Al igual que Venezuela es una Nota, es un escape para
nuestra dura realidad porque aún cuando estamos atravesando un momento tan
fuerte, aún hay personas que se dedican a la música y son reconocidos
mundialmente y eso es algo positivo que podemos aportarle al mundo.
Cuando Venezuela es
una Nota, yo todavía no conocía a Gustavo Guerrero. Mi mejor amiga estudia
en París y ella es melómana, es algo que compartimos y ella es muy maracucha
aunque vivió en caracas un tiempo. Me sugirió entrar a Youtube y buscar el
nuevo disco de Nathalia Lafourcade, escuché el disco que me pareció una
maravilla y escuché un cuatro venezolano, el productor musical de ella que es
Gustavo Guerrero, es venezolano y me encanta. Lo busqué y resulta que está
experimentando con música venezolana, haciendo unas fusiones increíbles, su
seudónimo es Augusto Bracho. Grabaron una canción de Simón Díaz en ese disco…
Pero sí esta situación ha puesto a los venezolanos que están fuera a dar
muchísimo más de lo que acostumbrábamos a dar, por asegurar supervivencia y por
asegurar calidad… El venezolano da mucho dentro y fuera del país. Panorama va a
seguir teniendo ediciones aniversarias, la coordinadora a cargo este año está
de vacaciones, debería regresar en febrero y te aseguro que ya está maquinando
la propuesta del tema a tratar este año para presentárselo a la directiva para
que de sus lineamientos.
Alguna experiencia
que te gustaría compartir sobre Venezuela es una nota, lo bueno lo malo lo feo…

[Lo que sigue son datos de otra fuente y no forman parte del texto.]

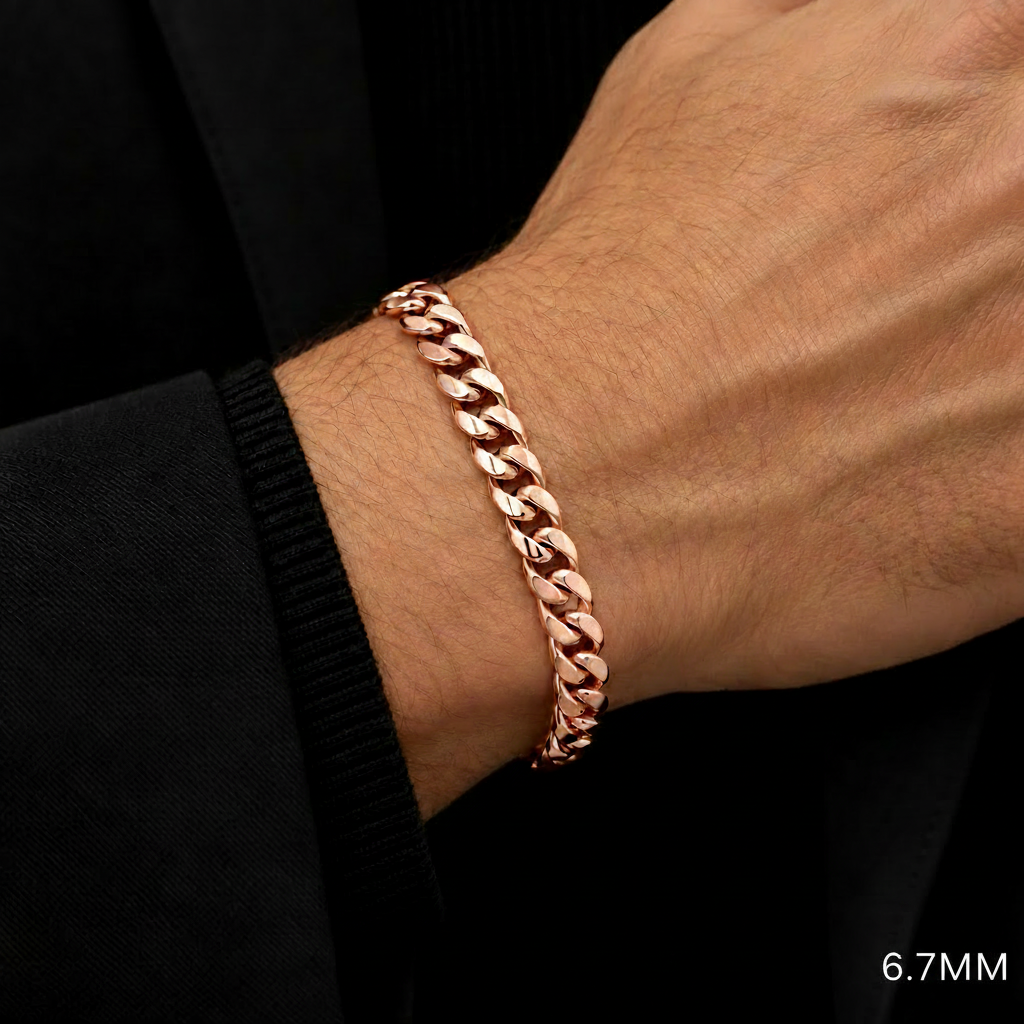 Rose Gold Miami Cuban Bracelet Hollow - 10K Rose Gold Bracelet, alternate view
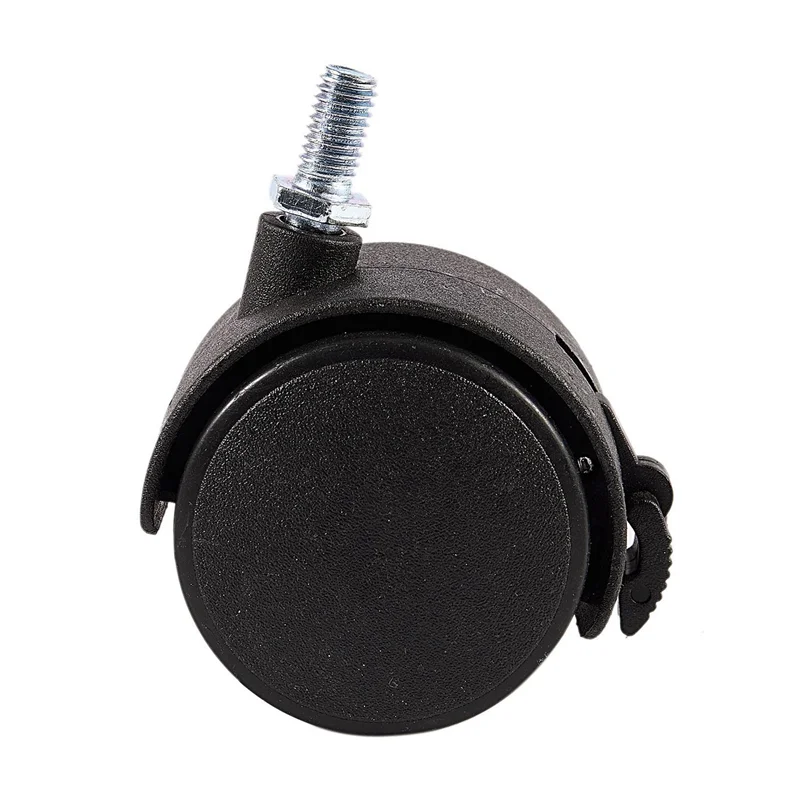 6X Furniture Swivel Locking Caster 8Mm Screw Stem 2-Inch Dia Wheel Black-BAAQ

Bueno lo de Gustavo Aguado, ese gesto de devolver la
llamada. Lo malo creo que nada, lo feo, bueno el día a día, el querer dedicarte
más y no poder. Todos los comentarios que les escuché a mis colegas de la
radio, de cómo fue abordada la edición en los programas de radio ese día fue
una cosa muy gratificante porque la política nos ha permeado en todos los
sectores, todos los periódicos tienen su línea editorial y hay algunos colegas
que no están de acuerdo con la línea editorial de Panorama, ellos atacan frontalmente nuestros productos finales en
sus programas y estos últimos tres fueron como un receso, hablaron muy bonito.